▶ What needs to be done
When the line containing "60 E-TING PCS" is found in the data below, copy it and each line after it through the line containing "map of restaurants, bars, coffee", exactly and with no others.

▶ Caption-style text data
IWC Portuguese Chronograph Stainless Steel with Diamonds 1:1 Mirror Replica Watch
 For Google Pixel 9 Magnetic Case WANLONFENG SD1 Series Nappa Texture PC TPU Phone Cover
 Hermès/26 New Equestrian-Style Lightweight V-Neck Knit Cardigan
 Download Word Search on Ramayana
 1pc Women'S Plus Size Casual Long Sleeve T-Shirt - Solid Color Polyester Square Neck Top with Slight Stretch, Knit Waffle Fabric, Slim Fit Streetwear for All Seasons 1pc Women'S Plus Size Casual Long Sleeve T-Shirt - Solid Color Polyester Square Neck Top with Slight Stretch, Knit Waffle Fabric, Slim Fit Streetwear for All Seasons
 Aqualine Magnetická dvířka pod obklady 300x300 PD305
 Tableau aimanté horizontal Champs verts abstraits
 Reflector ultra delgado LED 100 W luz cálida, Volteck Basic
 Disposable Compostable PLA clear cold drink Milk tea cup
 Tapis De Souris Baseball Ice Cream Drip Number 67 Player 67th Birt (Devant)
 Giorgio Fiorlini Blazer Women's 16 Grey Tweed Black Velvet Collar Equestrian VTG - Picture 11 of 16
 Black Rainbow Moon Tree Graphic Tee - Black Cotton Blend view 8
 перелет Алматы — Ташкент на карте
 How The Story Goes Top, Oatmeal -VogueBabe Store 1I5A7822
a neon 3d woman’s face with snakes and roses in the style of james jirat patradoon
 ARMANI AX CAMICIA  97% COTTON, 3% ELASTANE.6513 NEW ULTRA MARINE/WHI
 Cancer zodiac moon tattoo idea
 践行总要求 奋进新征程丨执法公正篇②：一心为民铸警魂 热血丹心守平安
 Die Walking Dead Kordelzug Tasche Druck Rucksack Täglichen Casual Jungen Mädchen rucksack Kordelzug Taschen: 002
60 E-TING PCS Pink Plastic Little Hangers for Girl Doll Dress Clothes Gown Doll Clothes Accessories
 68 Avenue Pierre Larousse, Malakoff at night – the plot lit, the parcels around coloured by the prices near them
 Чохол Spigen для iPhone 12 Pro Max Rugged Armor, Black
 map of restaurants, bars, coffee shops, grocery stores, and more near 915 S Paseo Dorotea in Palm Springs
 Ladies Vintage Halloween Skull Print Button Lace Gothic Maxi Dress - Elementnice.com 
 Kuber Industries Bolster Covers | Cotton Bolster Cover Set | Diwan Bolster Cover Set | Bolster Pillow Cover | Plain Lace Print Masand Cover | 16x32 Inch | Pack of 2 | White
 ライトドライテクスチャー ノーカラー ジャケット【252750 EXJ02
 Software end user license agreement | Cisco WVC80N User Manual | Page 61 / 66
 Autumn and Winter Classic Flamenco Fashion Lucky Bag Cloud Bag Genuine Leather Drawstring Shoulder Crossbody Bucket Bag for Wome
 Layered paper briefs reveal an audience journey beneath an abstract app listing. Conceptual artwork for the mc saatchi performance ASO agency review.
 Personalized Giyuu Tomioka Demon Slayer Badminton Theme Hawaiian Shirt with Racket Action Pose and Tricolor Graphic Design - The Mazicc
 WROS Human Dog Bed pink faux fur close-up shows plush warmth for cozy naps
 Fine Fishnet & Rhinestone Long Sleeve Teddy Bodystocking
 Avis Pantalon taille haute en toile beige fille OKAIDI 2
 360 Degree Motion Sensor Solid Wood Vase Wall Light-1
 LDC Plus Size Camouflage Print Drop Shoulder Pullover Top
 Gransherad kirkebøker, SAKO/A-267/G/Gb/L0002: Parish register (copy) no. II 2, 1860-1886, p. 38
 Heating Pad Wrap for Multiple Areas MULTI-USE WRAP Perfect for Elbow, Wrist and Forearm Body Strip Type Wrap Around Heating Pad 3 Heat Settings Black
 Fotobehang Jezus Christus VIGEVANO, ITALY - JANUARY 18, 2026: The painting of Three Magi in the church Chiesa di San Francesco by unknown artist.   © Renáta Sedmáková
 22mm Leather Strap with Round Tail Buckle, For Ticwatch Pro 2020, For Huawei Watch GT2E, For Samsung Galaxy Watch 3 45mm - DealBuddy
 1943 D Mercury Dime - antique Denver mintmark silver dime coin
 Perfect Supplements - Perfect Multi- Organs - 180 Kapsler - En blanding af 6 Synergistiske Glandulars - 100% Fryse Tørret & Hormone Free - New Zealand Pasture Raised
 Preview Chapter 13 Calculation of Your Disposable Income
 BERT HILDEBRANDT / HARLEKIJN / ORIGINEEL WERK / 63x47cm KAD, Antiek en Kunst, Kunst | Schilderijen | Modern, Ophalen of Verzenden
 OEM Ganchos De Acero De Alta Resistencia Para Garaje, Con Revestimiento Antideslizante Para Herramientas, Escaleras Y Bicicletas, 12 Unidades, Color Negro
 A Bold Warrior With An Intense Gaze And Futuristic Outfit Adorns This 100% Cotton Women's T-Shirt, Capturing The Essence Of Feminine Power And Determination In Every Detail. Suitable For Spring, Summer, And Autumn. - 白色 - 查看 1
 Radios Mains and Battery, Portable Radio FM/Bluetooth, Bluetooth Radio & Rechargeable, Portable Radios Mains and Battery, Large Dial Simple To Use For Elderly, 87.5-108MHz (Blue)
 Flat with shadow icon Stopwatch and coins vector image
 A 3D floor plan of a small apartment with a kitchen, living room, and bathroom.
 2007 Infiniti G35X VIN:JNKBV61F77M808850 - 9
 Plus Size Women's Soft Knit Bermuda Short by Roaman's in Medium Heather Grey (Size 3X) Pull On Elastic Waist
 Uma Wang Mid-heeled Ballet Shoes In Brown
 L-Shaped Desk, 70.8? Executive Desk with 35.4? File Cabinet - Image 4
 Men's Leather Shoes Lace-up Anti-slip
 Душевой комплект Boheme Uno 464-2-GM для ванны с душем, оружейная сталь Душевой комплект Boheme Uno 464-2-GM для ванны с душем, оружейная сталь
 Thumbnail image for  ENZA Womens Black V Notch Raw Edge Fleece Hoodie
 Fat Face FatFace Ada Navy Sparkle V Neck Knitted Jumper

▶ Answer to this problem
60 E-TING PCS Pink Plastic Little Hangers for Girl Doll Dress Clothes Gown Doll Clothes Accessories
 68 Avenue Pierre Larousse, Malakoff at night – the plot lit, the parcels around coloured by the prices near them
 Чохол Spigen для iPhone 12 Pro Max Rugged Armor, Black
 map of restaurants, bars, coffee shops, grocery stores, and more near 915 S Paseo Dorotea in Palm Springs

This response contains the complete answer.